実際、聖書は信仰者たちをそのようには描き出していません。アブラハム、ヨセフ、ダビデ、エレミヤ、そして詩篇記者たちの経験の詳細記録をみてください。そこには生々しい苦悶、多くの嘆き、時折の絶望、、、そして喜びがあります。そしてそれらは、現代西洋キリスト教に浸透し切っている浅薄な勝利主義とは大きく様相を異にしています。

 

私は一度、教会の集会の席で、福音主義教会の礼拝の中で、詩篇歌がこれまで以上に高い地位を占めるべきではないでしょうかと提言したことがありました。
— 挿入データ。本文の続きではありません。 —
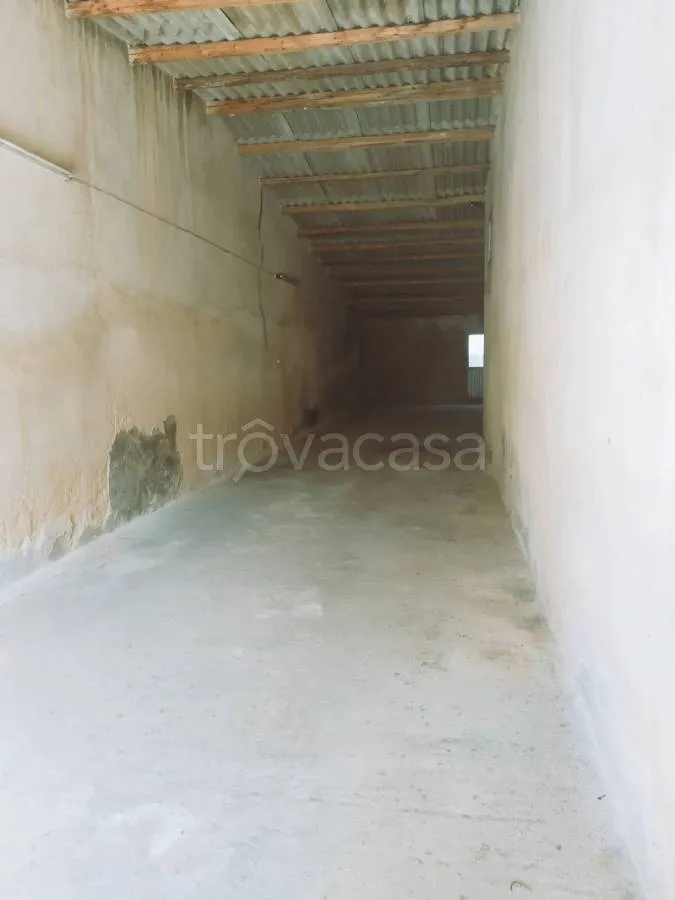 Garage - Detached House with Garden in Vittoria
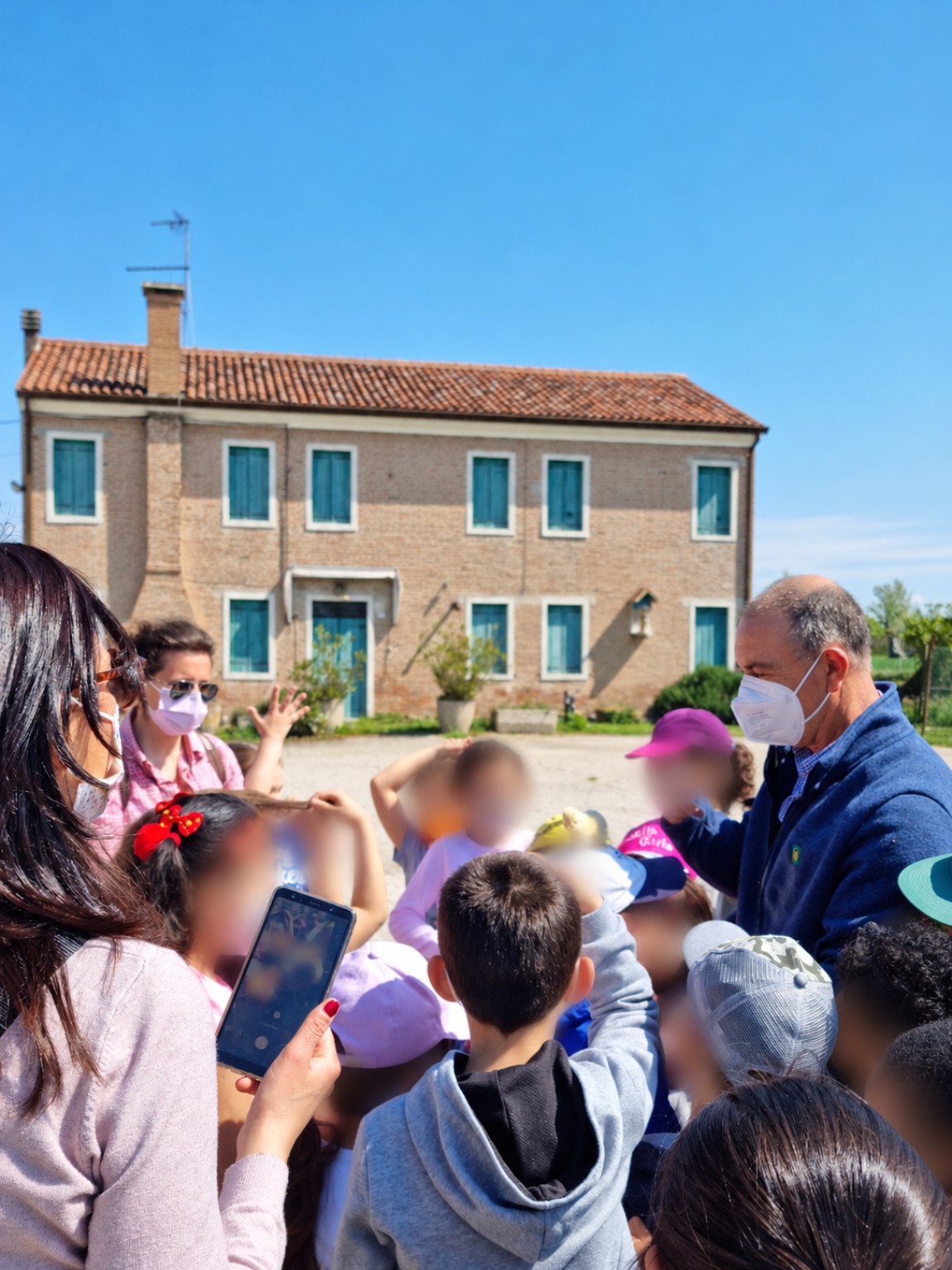 Ettore durante un incontro in fattoria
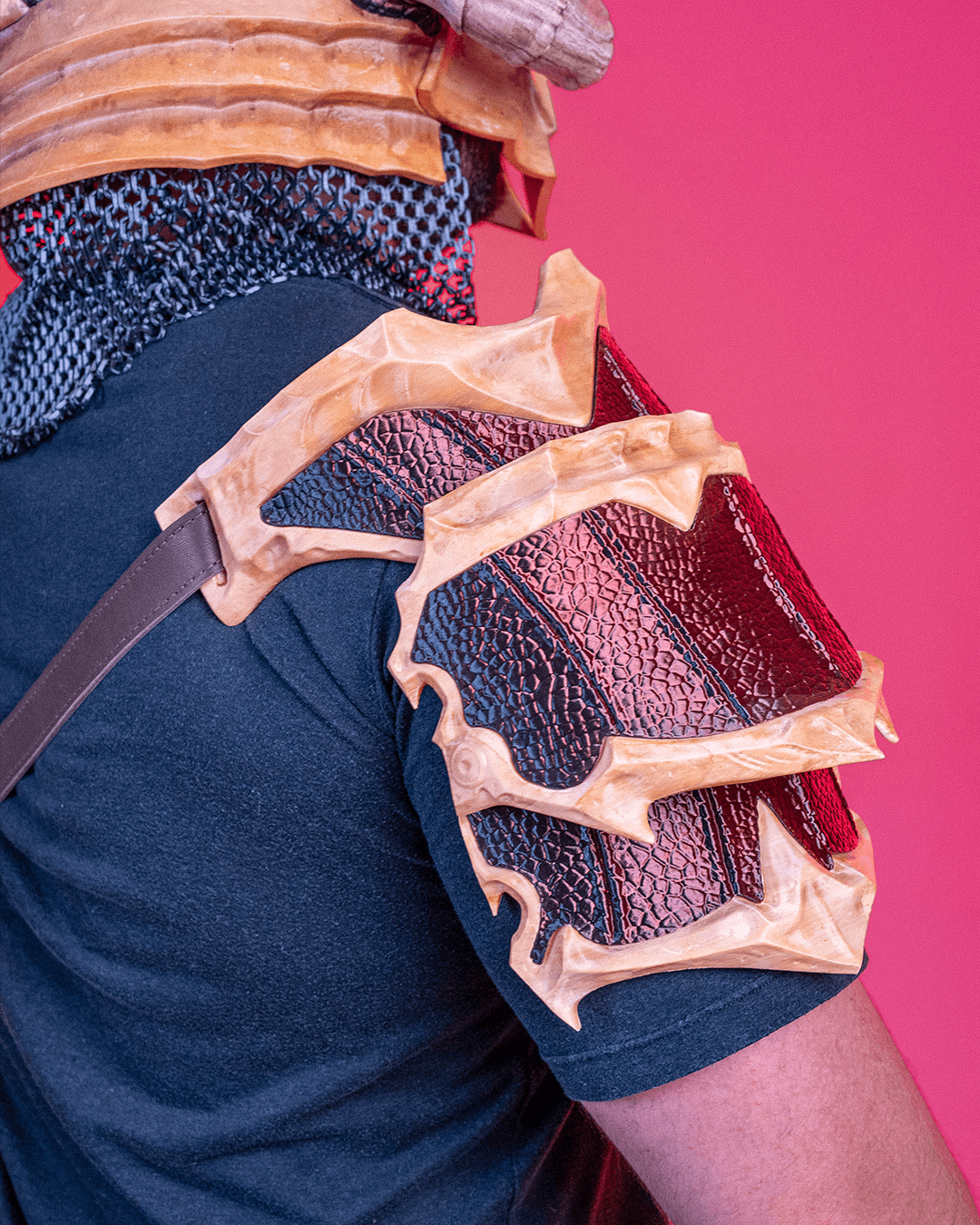 Bonebreaker Shoulder Pad  Painted model  Drop: DROP #286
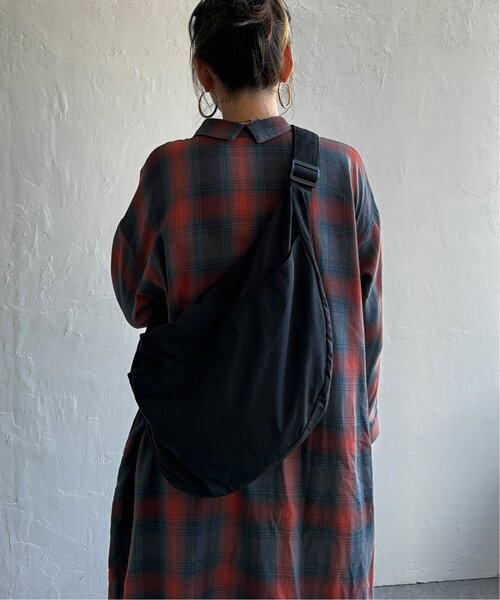 LBC（エルビーシー）の「ハーフムーンビッグショルダーバッグ（ショルダーバッグ・レディース・ブルー系その他/ブラック/オフホワイト/カーキ/チャコール・FREE）」の21枚目の写真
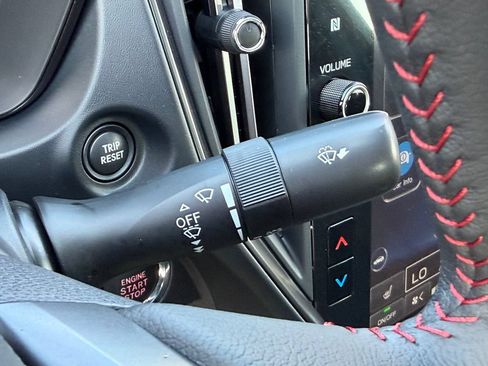 Used 2025 Subaru WRX Premium AWD/4WD image 31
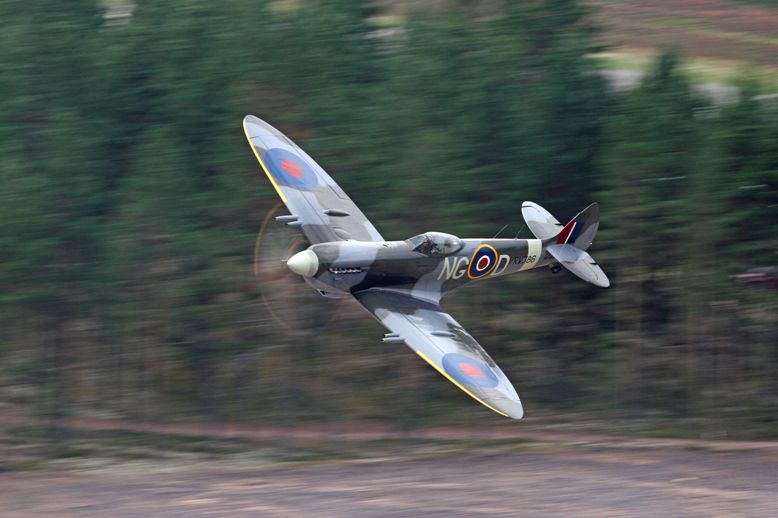 Spitfire lentää taas Jämillä heinäkuussa, mutta minkä maan väreissä?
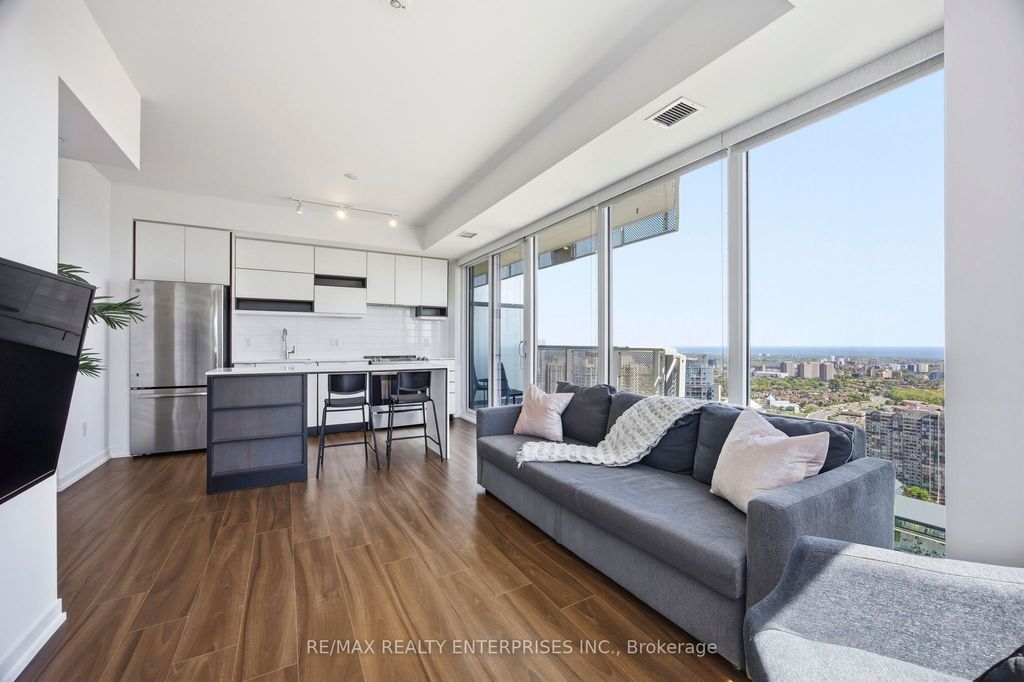 Photo of 4065 Confederation Parkway #3710, Mississauga, ON L5B 0L4 (MLS # W13164656)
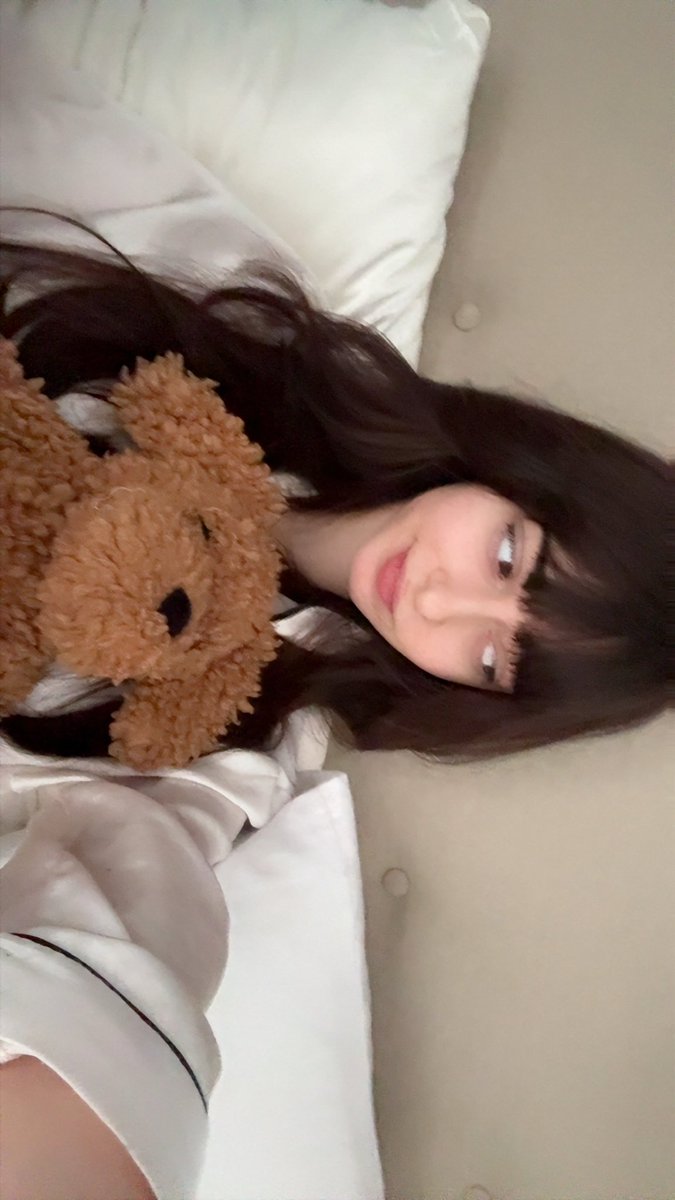 TenshiTTV's tweet photo. I’m really sick with my period but here’s my new hair (it’s just layered lol) https://t.co/FHbYXAdAEW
すると憤慨したある方が、「そのような見方は、福音宣教への無関心を露わにするものです」と批判してきました。

 

しかし事実はその反対だと私は考えます。詩篇記者たちのこういった経験や切望をキリスト教礼拝から締め出したことにより、西洋における福音伝道の試みはむしろ大いに損なわれ、私たちは多かれ少なかれ、霊的不具にされてきたのではないでしょうか。

 

孤独、はく奪、荒廃の叫びを、キリスト教礼拝から締め出すことにより、教会は効果的に、(教会内外にいる)寂しく、喪失に苦しみ、荒廃のどん底にいる人々の声を抹殺し、排除してきました。

 

そうすることにより、教会は暗黙のうちに、陳腐な消費者主義志向を受諾し、味気なく、些末で、非現実的な勝利主義キリスト教を生じさせ、こうして、自己満足した人たちの社交クラブとしての、その申し分のない資質にお墨付きを与えたのです。

 

昨年、私は三人の福音主義者の方にそれぞれ、「人生のどん底にいるクリスチャンは教会で何が歌えると思いますか?」と尋ねてみました。すると三人が三人共、私の質問を耳にするや、どっと吹き出し、爆笑し始めました。ーーあたかも傷つき、孤独で、絶望したクリスチャンという考え自体が馬鹿げていて、コミカルであるとでもいうかのように。

 

でも私は本当に真剣にこの問いを投げかけたのです。どうりで英国の福音主義が、ーー改革派からカリスマ派に至るまでーー、快適な中流クラスの現象であるわけです。

 

ーーー

公同的に私たちが言明し、歌う内容は、少しずつ無意識の次元で、キリスト信仰に関する私たちの考えを形成し、それゆえ、力強く人生一般に関する見方を特徴づけていきます。

 

堕落した世界の中で私たちが自らの人生に対し持ち得る切望を正確に映し出している典礼(liturgy)ーー週ごとにしっかりと心に刻み込まれ、植えられているliturgyはーー、やがて直面するであろう苦しみや困難に対し信徒たちを備えさせる手段として重要なものです。

 

詩篇歌を霊的糧の一部として常時用いている教会は、信徒たちが、涙の谷に満ちたこの世界で真実に生き抜くためのリソースを提供しています。

 

ある人々は、福音宣教におけるrelevance(今日性)への追及という理由づけの下、この宝を拒否しています。しかしながら、苦しみと死へのための備えを提供する以上に、普遍的にrelevant(今日性を帯びた)ものはどこにもありません。

 

私たちはこの世にあって悲嘆があるという事実を知る必要があります。それは何ら希望のない世的な悲嘆とは違います。しかしそれにもかかわらず、それは紛うことなきリアルな悲嘆であり、私たち牧会者は信徒たちにそのための備えをさせる必要があります。